Winner Details

Port


Not as many wines sent in as our tasters would have liked, but the quality was absolutely superlative

A message to the Port shippers and to the UK’s importers: send in more port! For a branch of the industry that repeatedly claims to be ‘targeting the on-trade’, it’s hard to know how it plans to do that if it isn’t prepared to put its wines in front of sommeliers at competitions like this. There were fewer ports sent in than Turkish red wines this year. Go figure…

And yet… and yet… for all that the submitters could do with a boot up the Tinta Barocca, this was one of the best-received sections of this year’s competition.

‘Excellent value all the way,’ said Gergely Barsi Szabó of Bread Street Kitchen.

‘I absolutely loved it,’ swooned Irina Atanasova of Fifteen London. ‘All the ports were well made, with good balance.’

‘There’s nowhere else can you get such power and complexity for your buck… except maybe sherry,’ added Ubiquitous Chip’s Richard Masterson.

The result: no Bronzes, and lots of Silvers and Gold-Listed wines. When the tasters liked a port, they really liked it. Failures tended to be wines that had sweetness, but not enough flavour behind to back it up. But most of the wines received some sort of positive feedback.

And this year we ended up with a much more balanced Gold List as a result, with two age-statemented tawnies, an LBV and a ridiculously well-priced vintage port that was drinking nicely now.

In fact, it’s hard to think of any other part of this year’s List that combines drinkability with such complexity at affordable prices.

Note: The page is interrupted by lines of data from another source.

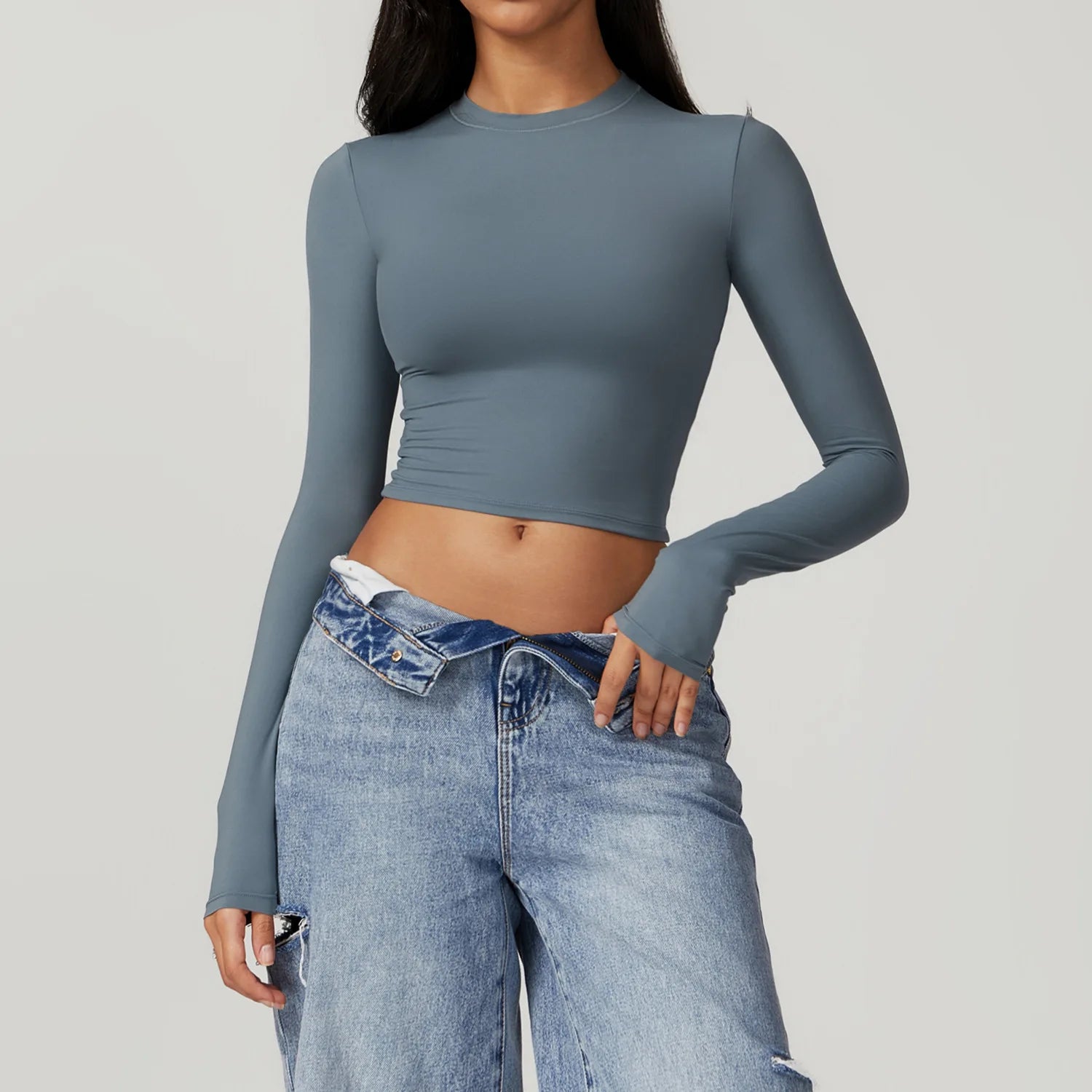 Women Yoga Shirts Crop Top Long Sleeves Shirts for Women Yoga  Long Sleeves Sports Fitness Top Push Up Gym Clothes Workout Tops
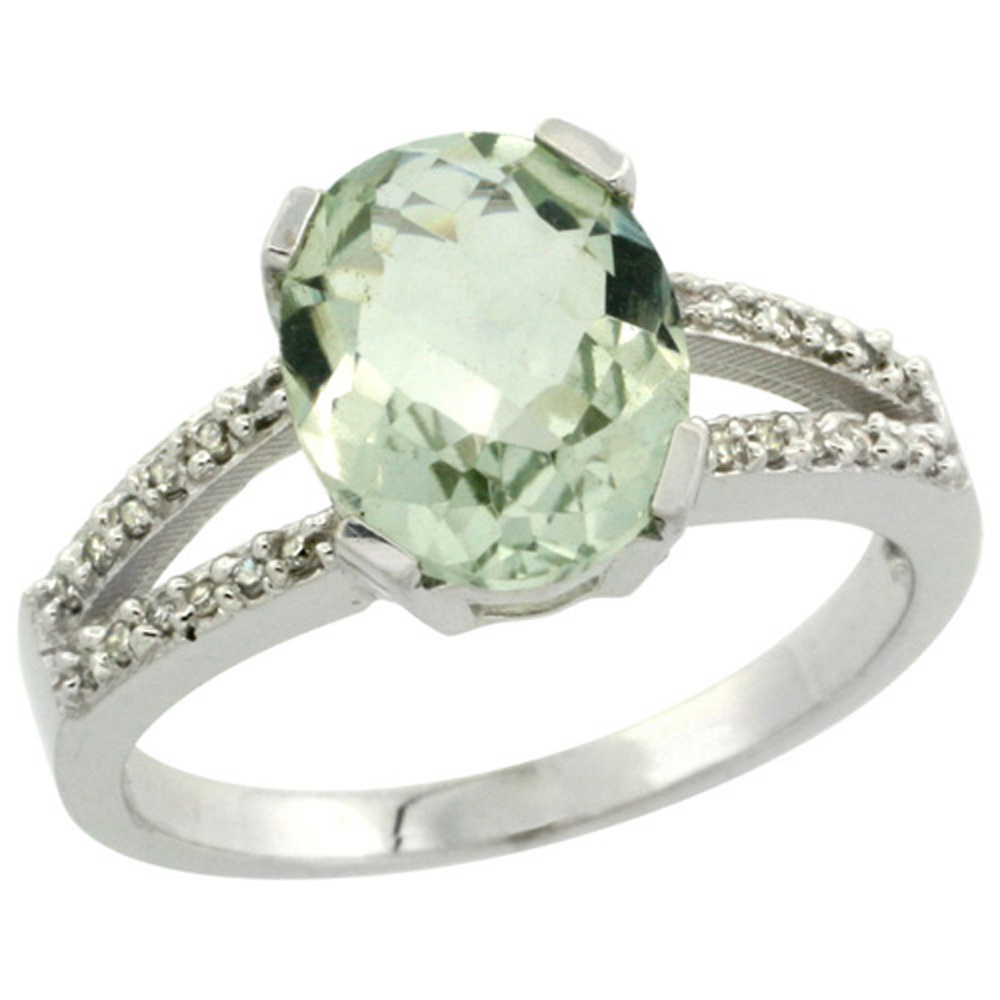 Sterling Silver Diamond Halo Natural Green Amethyst Ring Oval 10x8mm, 3/8 inch wide, sizes 5-10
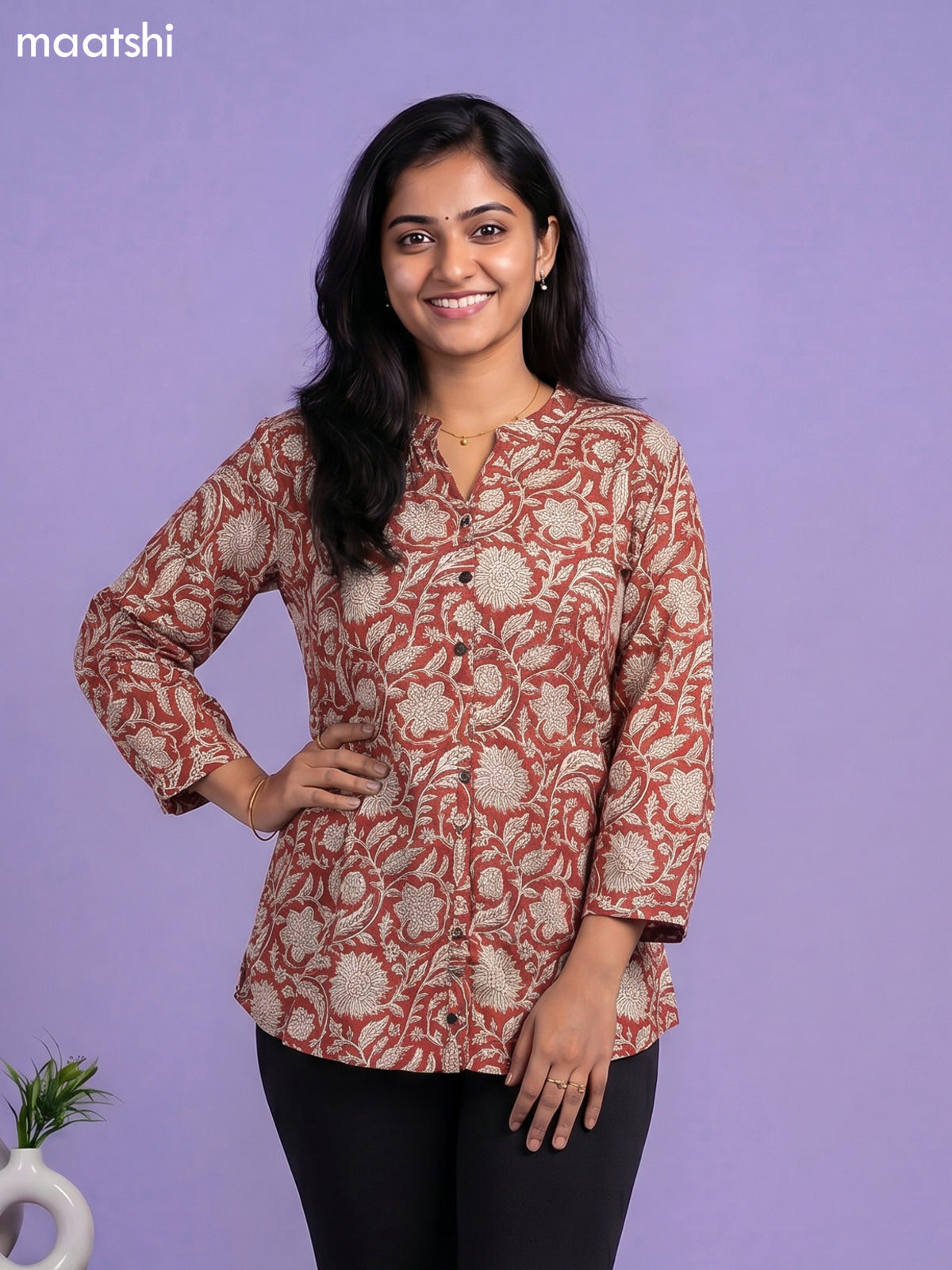 Rust Orange Cotton Floral Printed Short Kurti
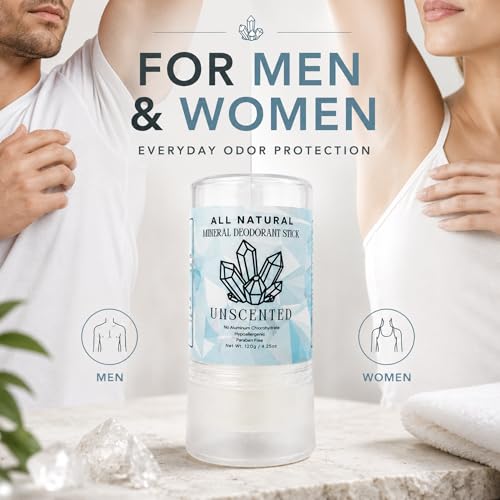 G.B.S. Natural Crystal Potassium Alum Deodorant Stick - Unscented 4.25 oz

The sweets and fortified section often turns up one wine that completely blows away the tasters, and this year it was the Krohn 1982 Colheita, a breathtakingly good wine at a ridiculously good price considering its age, complexity and length.

It picked up a Critic’s Choice and also our inaugural Caspar Auchterlonie Fortified Award, in memory of this competition’s port- and sherry-loving stalwart who passed away last year.

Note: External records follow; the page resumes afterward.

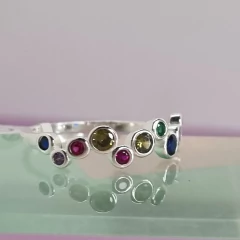 ANILLO ARCOIRS PLATA Y PIEDRAS 6013 - comprar online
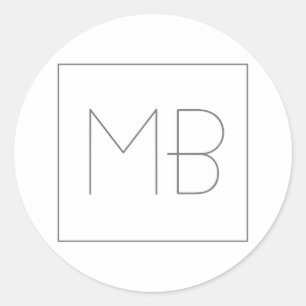 Adesivo Redondo Monograma Único Elegante Branco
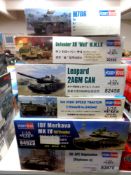 Hobby Boss modelling kits - Group of six 1:35 scale military trucks/tanks (as illustrated)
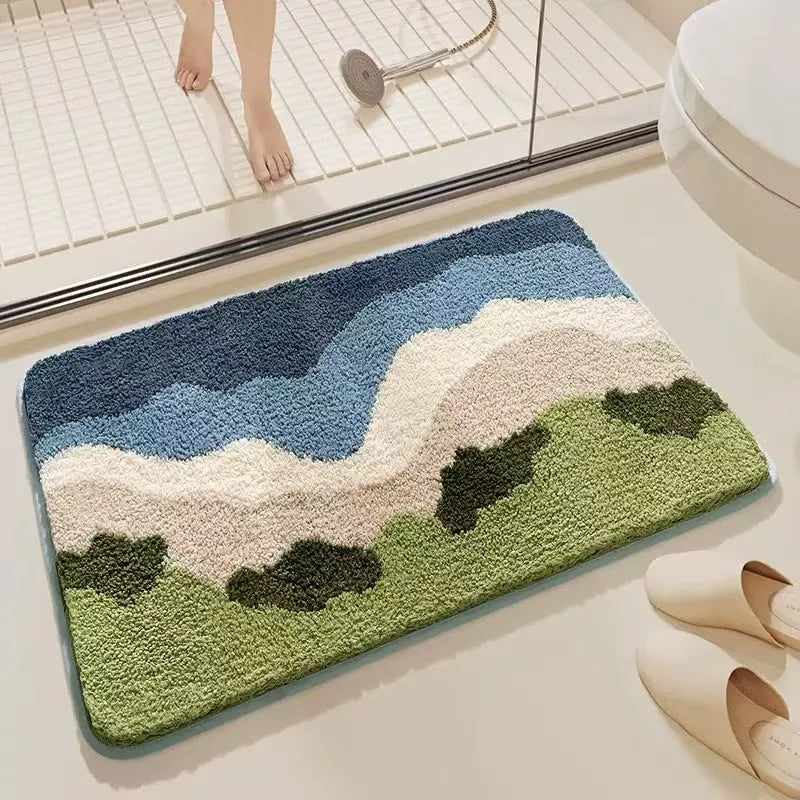 Square imitation cashmere carpet mat with Rainbow pattern and plastic dirt-resistant bottom.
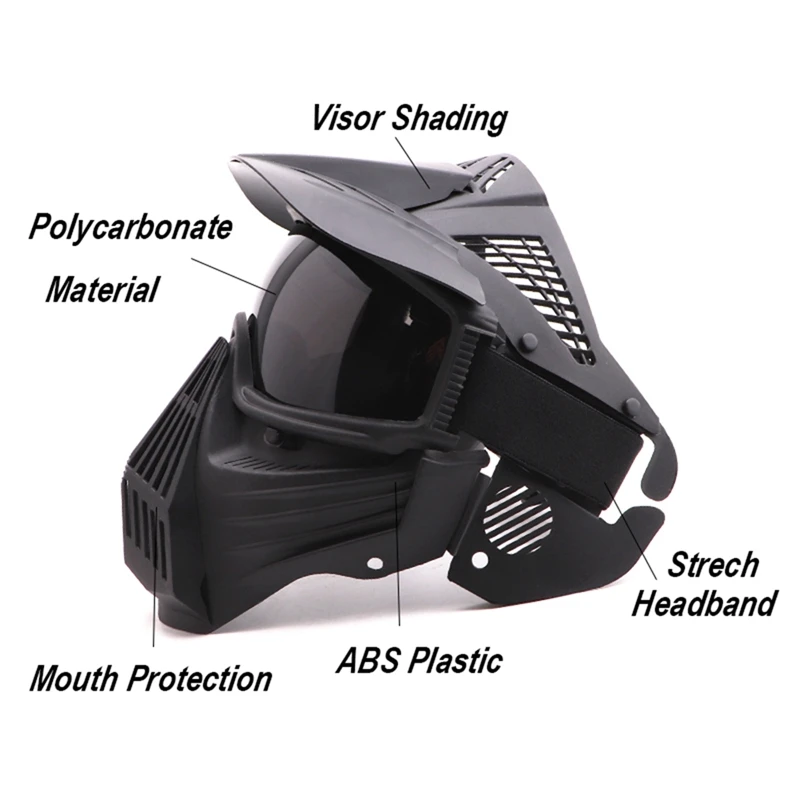 Серая маска для объектива может регулировать полную защитная тактическая глаз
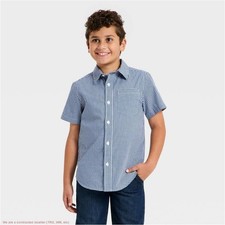 Boys' Gingham Poplin Button-Down Shirt - Cat  Jack Navy Blue M SEE DEAL  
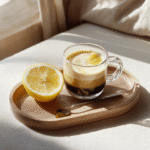 Served lemon and coffee drink with garnish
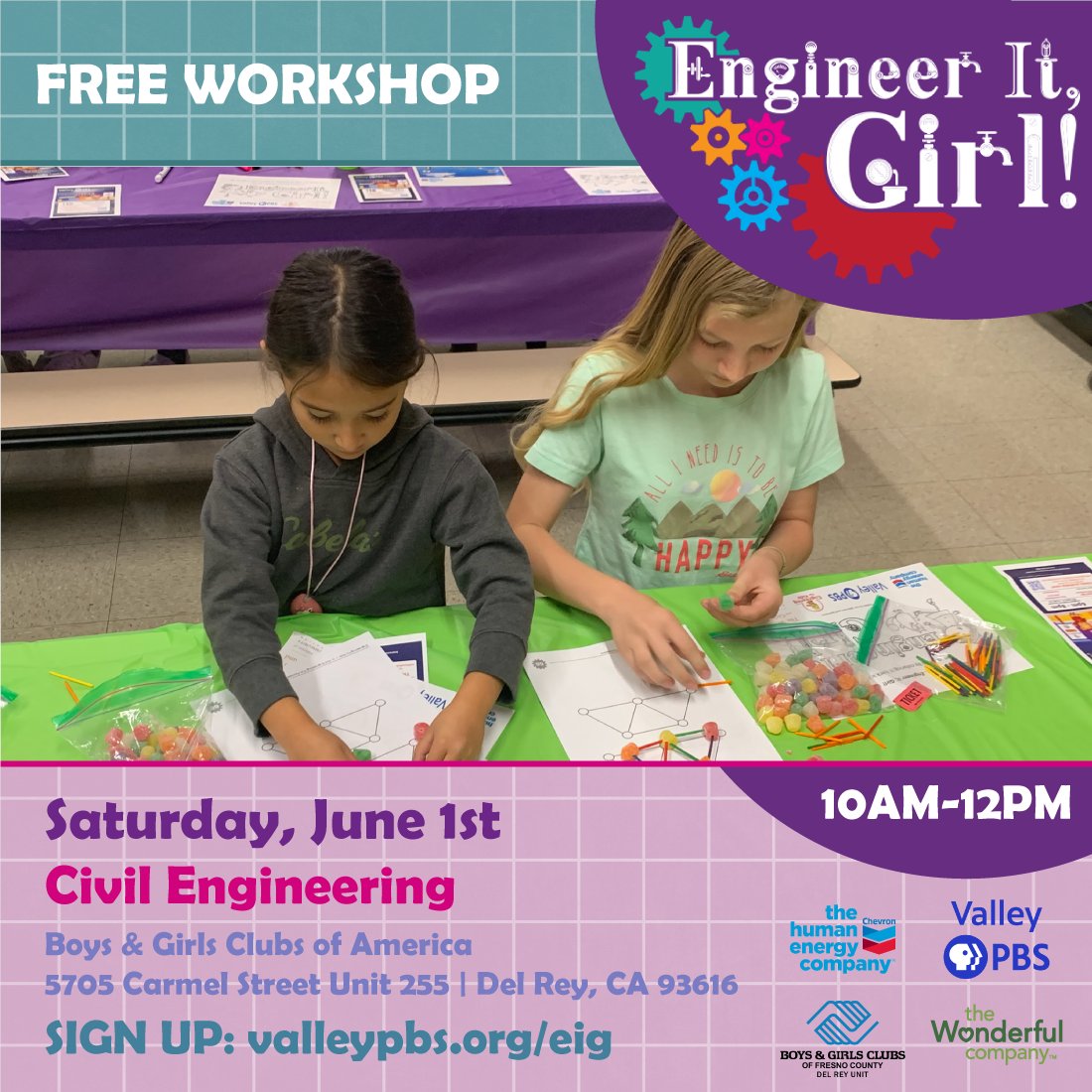On June 1, 2024 Valley PBS and Chevron will be traveling to Del Rey for Civil Engineering. Let’s Engineer It, Girl! Sign-up: valleypbs.org/eig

‘You could sell it by the glass,’ said Pollen Street Social’s Laure Patry. ‘It is a very good wine, offering a lot of complexity, at a good price for this level of quality.’

‘It was amazingly complex and should be listed simply for the quality of the wine. On the list, by the glass, this could sell and there could still be some decent margin, as the price for the quality is very good,’ added team leader Angela Reddin.

While prices shown on these pages relate to the size of bottle on sale, for judging purposes, prices were given for the 75cl equivalent volume.

‘The value of port constantly amazes me. It’s a hidden gem.’
Richard Masterson, The Ubiquitous Chip


‘Tawnies sell both by the bottle and by the glass – it was simply a question of choosing the best quality wine here for the price, a really well-balanced example, with smooth, rounded fruit and nuttier, figgier character, and these wines are also a bargain for the money.’
Michael Harrison, STK


‘The overall quality of the port section was very high. The wines were clean, with lovely fruit, and the tawnies and colheitas were absolutely terrific.’